DATA SECTION below:

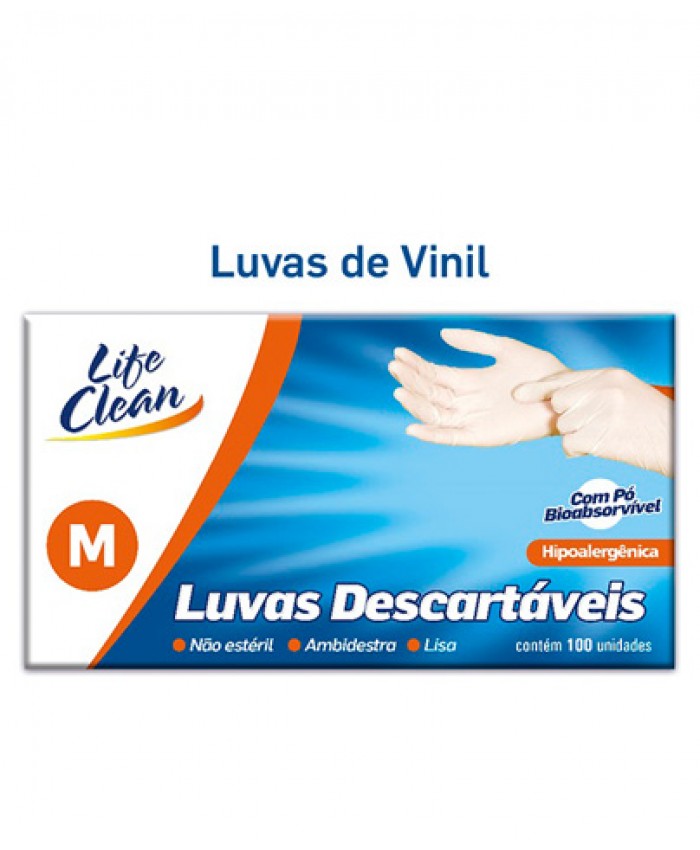 LUVA DE VINIL C/PO 4,0 M LIFE CLEAN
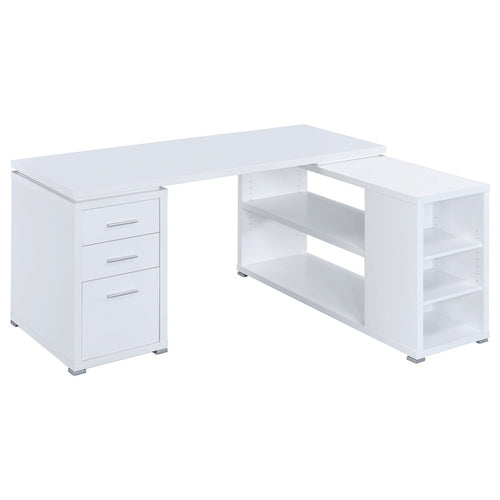 Yvette 60-inch 3-drawer L-Shape Computer Desk White - Coaster Co. of America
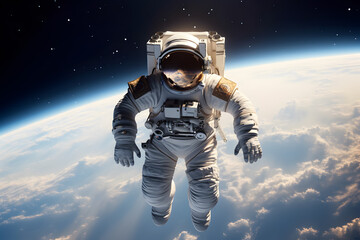 Wall Mural - spaceman or astronaut floating in the space with background of earth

End of DATA SECTION.

Reproduce the listing verbatim, and keep the pictures out of the copy.

 LUVA DE VINIL C/PO 4,0 M LIFE CLEAN
 Yvette 60-inch 3-drawer L-Shape Computer Desk White - Coaster Co. of America
 Wall Mural - spaceman or astronaut floating in the space with background of earth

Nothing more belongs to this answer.